Stored records -

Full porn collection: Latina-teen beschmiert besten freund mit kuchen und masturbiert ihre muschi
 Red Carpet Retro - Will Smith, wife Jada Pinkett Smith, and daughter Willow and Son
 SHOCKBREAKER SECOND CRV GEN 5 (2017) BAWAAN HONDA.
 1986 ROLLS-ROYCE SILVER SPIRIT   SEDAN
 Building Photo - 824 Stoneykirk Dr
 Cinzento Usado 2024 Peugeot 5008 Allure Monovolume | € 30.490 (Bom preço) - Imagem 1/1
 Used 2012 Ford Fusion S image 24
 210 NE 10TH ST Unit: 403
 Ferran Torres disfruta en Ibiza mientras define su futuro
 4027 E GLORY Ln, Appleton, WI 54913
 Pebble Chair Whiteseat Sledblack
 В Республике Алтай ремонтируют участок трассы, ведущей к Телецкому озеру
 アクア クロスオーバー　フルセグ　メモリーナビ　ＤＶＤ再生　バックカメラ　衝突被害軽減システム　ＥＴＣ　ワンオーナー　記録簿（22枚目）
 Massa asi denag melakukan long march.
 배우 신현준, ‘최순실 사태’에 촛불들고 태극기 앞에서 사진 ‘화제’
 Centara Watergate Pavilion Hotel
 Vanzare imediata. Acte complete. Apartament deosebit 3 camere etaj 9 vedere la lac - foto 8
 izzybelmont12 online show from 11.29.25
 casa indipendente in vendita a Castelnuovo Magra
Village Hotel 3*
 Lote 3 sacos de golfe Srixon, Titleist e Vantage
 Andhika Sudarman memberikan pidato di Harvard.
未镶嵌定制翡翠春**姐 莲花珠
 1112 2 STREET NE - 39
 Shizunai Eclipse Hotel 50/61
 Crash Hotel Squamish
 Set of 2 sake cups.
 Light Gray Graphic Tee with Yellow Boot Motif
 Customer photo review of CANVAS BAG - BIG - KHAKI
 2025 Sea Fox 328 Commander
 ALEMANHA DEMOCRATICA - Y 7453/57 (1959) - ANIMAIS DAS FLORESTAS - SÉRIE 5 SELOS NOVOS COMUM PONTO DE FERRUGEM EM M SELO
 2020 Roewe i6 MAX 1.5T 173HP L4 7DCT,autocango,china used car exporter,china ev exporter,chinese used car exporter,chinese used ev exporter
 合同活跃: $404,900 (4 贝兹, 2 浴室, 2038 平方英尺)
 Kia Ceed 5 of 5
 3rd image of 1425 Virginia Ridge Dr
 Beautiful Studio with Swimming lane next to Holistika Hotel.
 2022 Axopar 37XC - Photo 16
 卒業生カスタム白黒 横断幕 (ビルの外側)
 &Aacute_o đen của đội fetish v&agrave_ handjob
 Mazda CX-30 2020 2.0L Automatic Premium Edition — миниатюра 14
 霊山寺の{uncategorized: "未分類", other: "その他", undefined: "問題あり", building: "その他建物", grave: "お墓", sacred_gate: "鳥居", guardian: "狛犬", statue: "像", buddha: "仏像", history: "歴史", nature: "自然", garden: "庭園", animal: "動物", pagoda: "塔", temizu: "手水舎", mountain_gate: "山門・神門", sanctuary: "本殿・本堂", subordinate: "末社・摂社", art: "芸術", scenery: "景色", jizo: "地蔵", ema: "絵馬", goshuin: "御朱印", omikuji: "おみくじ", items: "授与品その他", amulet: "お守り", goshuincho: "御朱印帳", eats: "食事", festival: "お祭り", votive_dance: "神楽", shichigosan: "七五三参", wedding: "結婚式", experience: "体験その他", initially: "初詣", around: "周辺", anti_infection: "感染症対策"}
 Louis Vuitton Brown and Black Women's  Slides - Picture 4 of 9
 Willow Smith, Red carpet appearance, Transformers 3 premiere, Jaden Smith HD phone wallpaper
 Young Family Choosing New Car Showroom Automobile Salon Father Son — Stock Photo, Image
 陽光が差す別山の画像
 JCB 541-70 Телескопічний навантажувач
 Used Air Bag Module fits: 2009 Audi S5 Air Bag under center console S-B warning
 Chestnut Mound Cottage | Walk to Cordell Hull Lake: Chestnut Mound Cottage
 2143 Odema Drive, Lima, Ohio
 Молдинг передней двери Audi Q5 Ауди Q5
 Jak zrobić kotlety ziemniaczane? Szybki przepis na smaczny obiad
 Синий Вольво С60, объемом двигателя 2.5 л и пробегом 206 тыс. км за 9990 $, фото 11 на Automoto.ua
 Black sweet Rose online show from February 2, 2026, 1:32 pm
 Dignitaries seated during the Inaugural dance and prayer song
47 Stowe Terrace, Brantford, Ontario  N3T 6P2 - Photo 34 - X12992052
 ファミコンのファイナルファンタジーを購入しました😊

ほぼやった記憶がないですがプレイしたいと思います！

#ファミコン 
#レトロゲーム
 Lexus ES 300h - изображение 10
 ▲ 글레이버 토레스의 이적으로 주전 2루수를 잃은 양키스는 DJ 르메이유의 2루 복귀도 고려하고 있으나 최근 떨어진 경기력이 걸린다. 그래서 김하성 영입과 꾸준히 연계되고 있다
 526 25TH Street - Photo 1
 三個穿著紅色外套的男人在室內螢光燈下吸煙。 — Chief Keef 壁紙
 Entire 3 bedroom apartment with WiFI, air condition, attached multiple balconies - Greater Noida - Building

Task - Transcribe the records from their first line. Stop after the line with "アクア クロスオーバー　フル", including it.

Task response -
Full porn collection: Latina-teen beschmiert besten freund mit kuchen und masturbiert ihre muschi
 Red Carpet Retro - Will Smith, wife Jada Pinkett Smith, and daughter Willow and Son
 SHOCKBREAKER SECOND CRV GEN 5 (2017) BAWAAN HONDA.
 1986 ROLLS-ROYCE SILVER SPIRIT   SEDAN
 Building Photo - 824 Stoneykirk Dr
 Cinzento Usado 2024 Peugeot 5008 Allure Monovolume | € 30.490 (Bom preço) - Imagem 1/1
 Used 2012 Ford Fusion S image 24
 210 NE 10TH ST Unit: 403
 Ferran Torres disfruta en Ibiza mientras define su futuro
 4027 E GLORY Ln, Appleton, WI 54913
 Pebble Chair Whiteseat Sledblack
 В Республике Алтай ремонтируют участок трассы, ведущей к Телецкому озеру
 アクア クロスオーバー　フルセグ　メモリーナビ　ＤＶＤ再生　バックカメラ　衝突被害軽減システム　ＥＴＣ　ワンオーナー　記録簿（22枚目）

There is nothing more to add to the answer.